═══ Available data

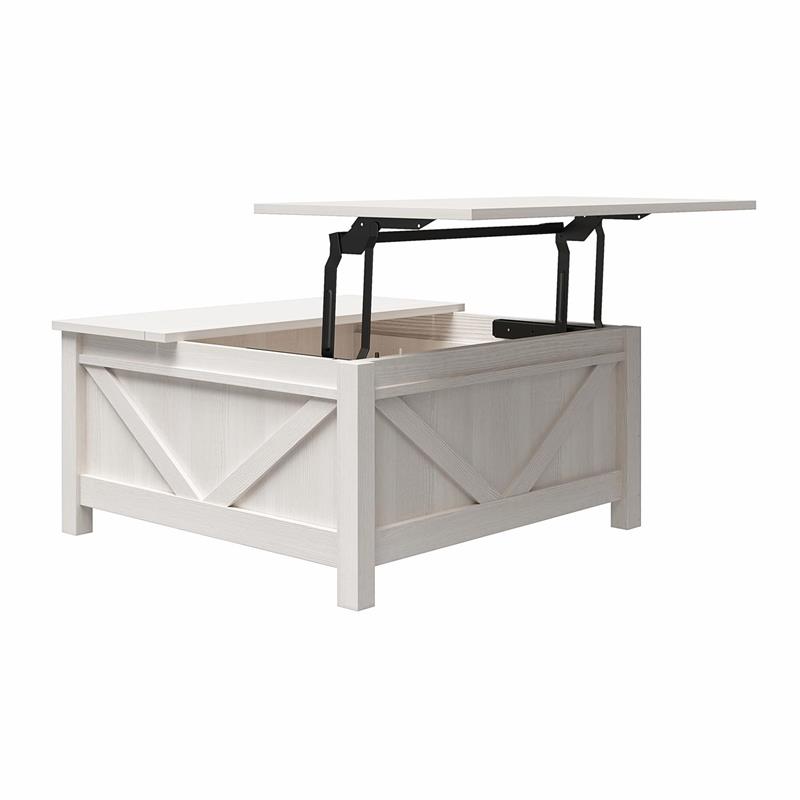 Pemberly Row Modern / Contemporary Lift-Top Coffee Table in Ivory Pine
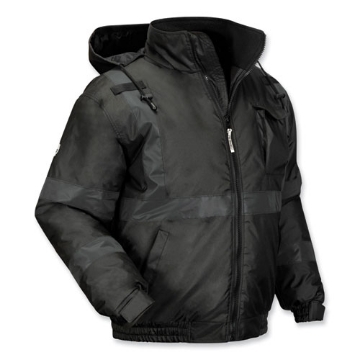 Picture of GloWear 8377EV Non-Certified Hi-Vis Quilted Bomber Jacket, Black, X-Large, Ships in 1-3 Business Days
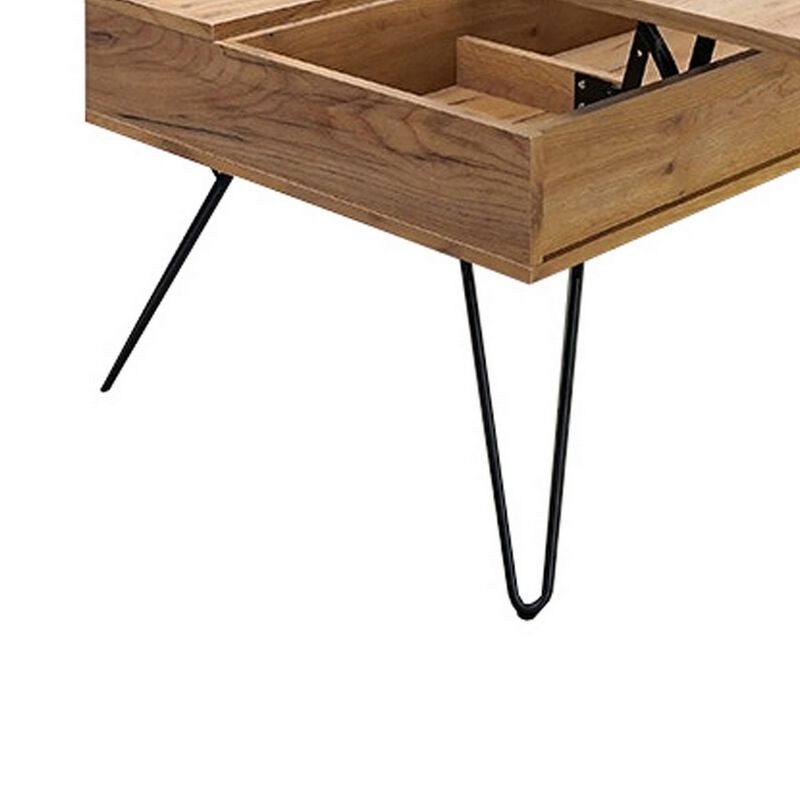 47 Inch Lift Top Coffee Table, Natural Brown Wood, 2 Storage Compartments-Benzara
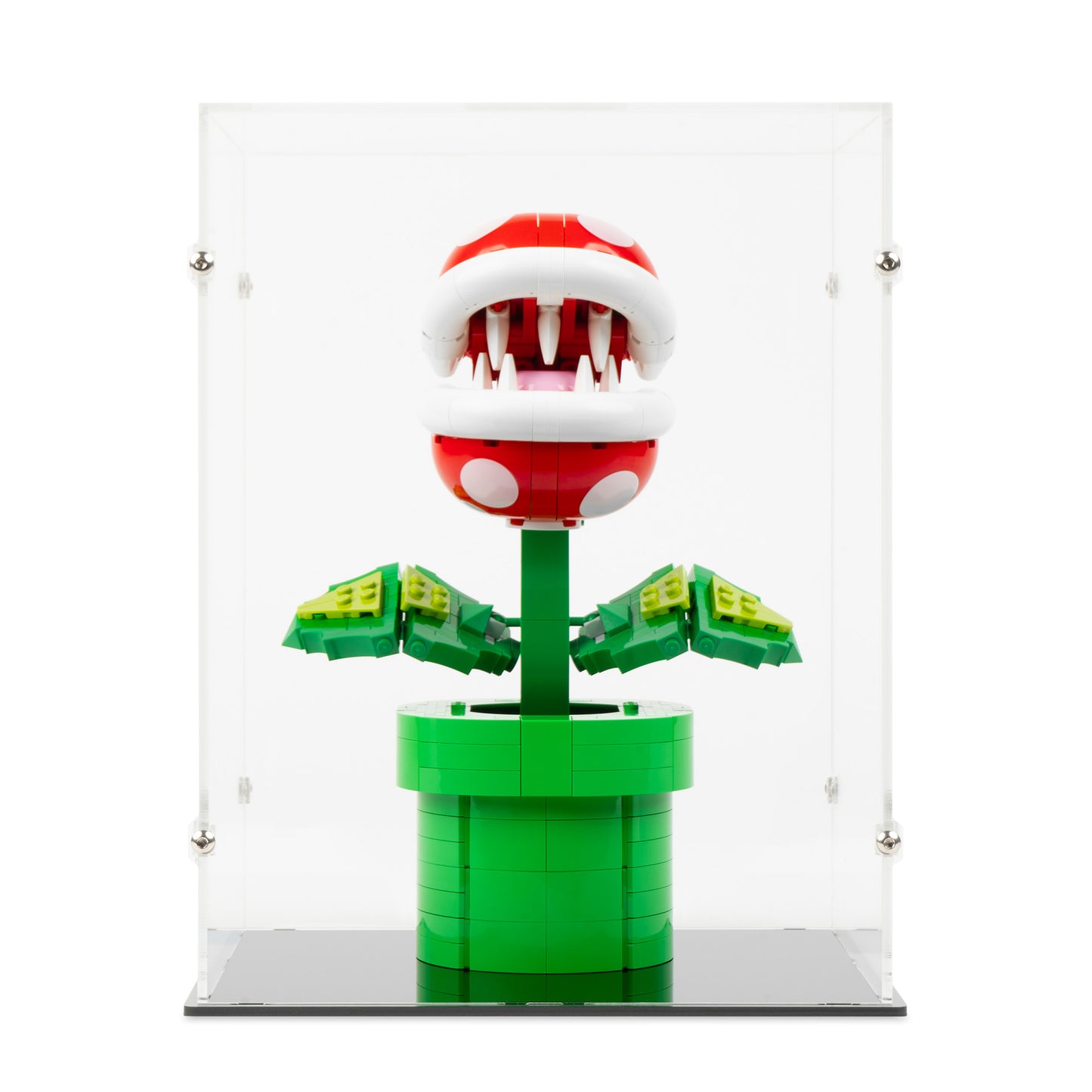Front view of LEGO 71426 Piranha Plant Display Case.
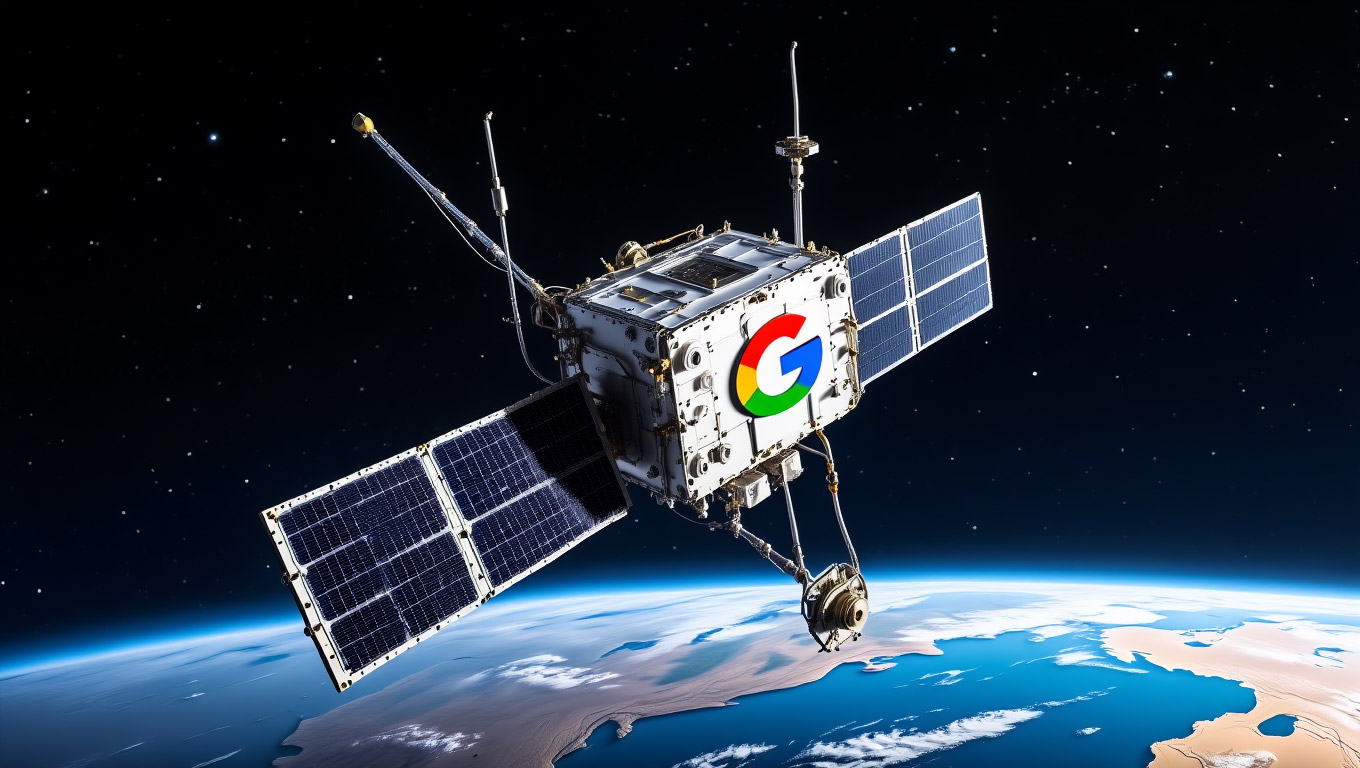 Google Satellite Orbiting Earth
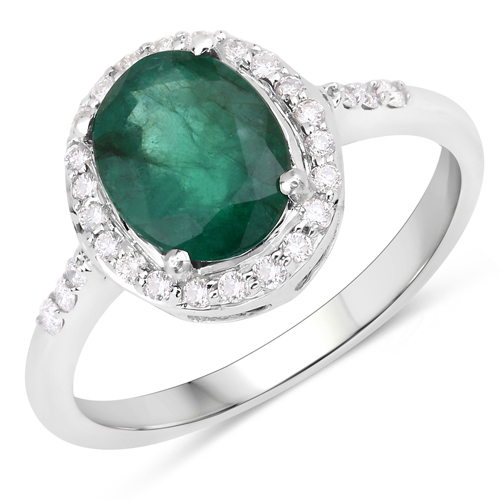 Emerald-1.86 Carat Genuine Zambian Emerald and White Diamond 14K White Gold Ring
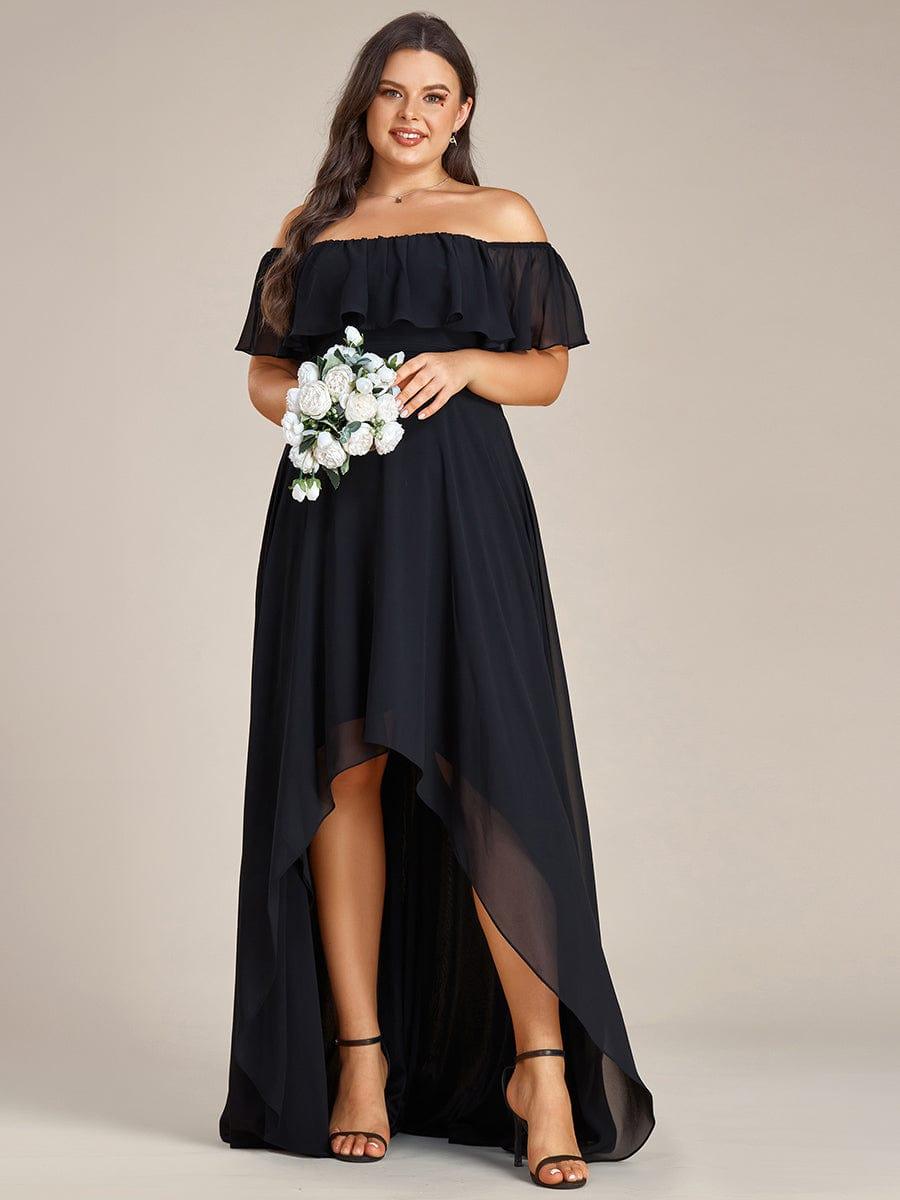 Robe demoiselle d'honneur fluide en mousseline épaules dénudées grande taille #couleur_Orchidee Robe demoiselle d'honneur fluide en mousseline épaules dénudées grande taille
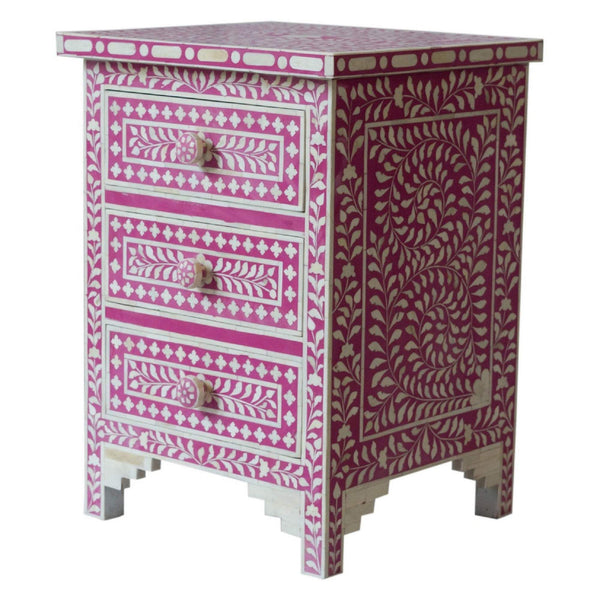 Bone Inlay Floral 3 Drawers Bedside Pink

══════

Work request: Exactly as written above, print every line of the data but not its pictures.

Answer to the exercise:
 Pemberly Row Modern / Contemporary Lift-Top Coffee Table in Ivory Pine
 Picture of GloWear 8377EV Non-Certified Hi-Vis Quilted Bomber Jacket, Black, X-Large, Ships in 1-3 Business Days
 47 Inch Lift Top Coffee Table, Natural Brown Wood, 2 Storage Compartments-Benzara
Front view of LEGO 71426 Piranha Plant Display Case.
 Google Satellite Orbiting Earth
 Emerald-1.86 Carat Genuine Zambian Emerald and White Diamond 14K White Gold Ring
 Robe demoiselle d'honneur fluide en mousseline épaules dénudées grande taille #couleur_Orchidee Robe demoiselle d'honneur fluide en mousseline épaules dénudées grande taille
 Bone Inlay Floral 3 Drawers Bedside Pink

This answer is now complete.